On Fri, Aug 9, 2019, 12:51 PM James Knott via talk, <talk@gtalug.org> wrote:
On 2019-08-09 12:47 PM, Russell Reiter wrote:
> There is a possibility that keeping your photos in raw form will
> protect from major copy errors, but in all situations of moving bits
> in a data stream, there is the possibility of transient error. Jpg was
> considered lossy as it could not fully recreate the the full raw data.
> 25mb or more  of raw image data per image is, or was, a hefty size to
> move across the bus in early days, much less across the internet.  Now
> we have so called lossless JPEG, however its accuracy is based on
> predictive sampling rather than a pure collection of bits per pixel.

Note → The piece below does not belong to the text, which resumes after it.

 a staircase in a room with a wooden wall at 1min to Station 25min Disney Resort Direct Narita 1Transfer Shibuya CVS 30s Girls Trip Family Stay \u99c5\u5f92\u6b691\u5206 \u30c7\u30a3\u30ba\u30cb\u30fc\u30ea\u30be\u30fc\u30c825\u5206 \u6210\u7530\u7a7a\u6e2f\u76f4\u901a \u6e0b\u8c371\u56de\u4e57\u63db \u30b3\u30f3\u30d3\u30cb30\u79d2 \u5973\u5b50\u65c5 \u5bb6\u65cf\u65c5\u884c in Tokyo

Jpegs are not copies.  They are manipulated to save space.  When you
copy a file, that is do not modify it, then the copy should be an exact
replica.  If you're really worried, you can use shasum etc. to ensure
integrity of the copy.

Jpegs are an exported file format created from aggregated image data collected by the CCD. They are digital files and subject to transmission errors just like any other signal. My 13 megapixel phone saves image data directly as a jpg file. Sure the raw data has been manipulated before writing the original, but that is much different than having an image recorded using raw format and then exporting a copy in a lossy format in order to save space.